Step3: Automatically Feature Engineering for Machine Learning.

Primary LanguageJupyter NotebookApache License 2.0Apache-2.0

Auto-FE(developing)

Automatically Feature Engineering for Machine Learning.

Pokemon

Motivation.

In a lot of cases, there are bunch of dirty works to do with feature engineering, especially for traditional machine learning. 80 percent of time is wasted in feature engineering. Thus, it’s helpful if some normal and fixed steps in feature engineering could be done by code automatically.

Introduction of test dataset.

The test dataset contains lots of Pokemons’ statistic number of their characters. Pokemon is one kind of magical animals living in anime of Japanese. The properties contain attack number, HP number, and so on so forth.

Content of package.

The main content of this package is to adopt usual feature engineering steps for not only numerical but also categorical features.

  • Numerical Features.

    • step1: Fill ‘NA’ with the Mean of vector.
    • step2: Translate all the values to positive numbers, if there is any negative number.
    • step3: Convert to normal distribution, if it’s currently not.
    • step4: Standardization the distribution.
    • step5: Round number to .3float.
  • Categorical Features.

    • step1: Fill ’NA’ with ‘missing’ value.
    • step2: Combine categories whose ratio are under 0.01 into one 'Others' category.
    • step3: Encode category columns with One-hot Encoding method.
    • step4: Convert target column to numbers, if it’s not.

Performance of Feature Engineering.

Measure the performance of feature engineering using accuracy of the same model with same parameters, before and after feature engineering.

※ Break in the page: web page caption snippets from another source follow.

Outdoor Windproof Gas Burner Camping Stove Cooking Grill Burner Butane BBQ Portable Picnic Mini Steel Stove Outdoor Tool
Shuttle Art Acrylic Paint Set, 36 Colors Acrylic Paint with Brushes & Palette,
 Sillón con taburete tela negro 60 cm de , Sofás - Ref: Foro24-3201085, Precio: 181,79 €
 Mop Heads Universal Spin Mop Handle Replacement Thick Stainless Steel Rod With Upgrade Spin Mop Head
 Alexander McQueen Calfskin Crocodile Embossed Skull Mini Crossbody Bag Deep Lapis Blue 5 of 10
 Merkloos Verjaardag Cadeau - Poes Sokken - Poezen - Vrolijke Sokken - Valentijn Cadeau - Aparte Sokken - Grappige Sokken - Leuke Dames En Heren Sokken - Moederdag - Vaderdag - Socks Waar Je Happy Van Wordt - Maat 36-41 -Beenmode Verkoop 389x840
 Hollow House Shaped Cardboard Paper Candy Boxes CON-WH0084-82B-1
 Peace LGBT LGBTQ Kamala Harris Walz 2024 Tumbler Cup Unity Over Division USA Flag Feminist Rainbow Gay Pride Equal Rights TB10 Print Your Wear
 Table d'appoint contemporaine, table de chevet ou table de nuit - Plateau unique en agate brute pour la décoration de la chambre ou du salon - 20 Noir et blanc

  • Task: Use all the other characters of Pokemon to predict whether it’s a Legendary one or not.
  • Model used: Logistic Regression.(Sklearn)
  • Measure Metrics: mean accuracy.
  • Result:
    • Before Numerical Feature Engineering: mean_accuracy=0.9675
    • After Numerical Feature Engineering: mean_accuracy=0.96875

From the comparasion of mean accuracy before and after transformation, it's obvious that transformation of numerical feature will increase accuracy.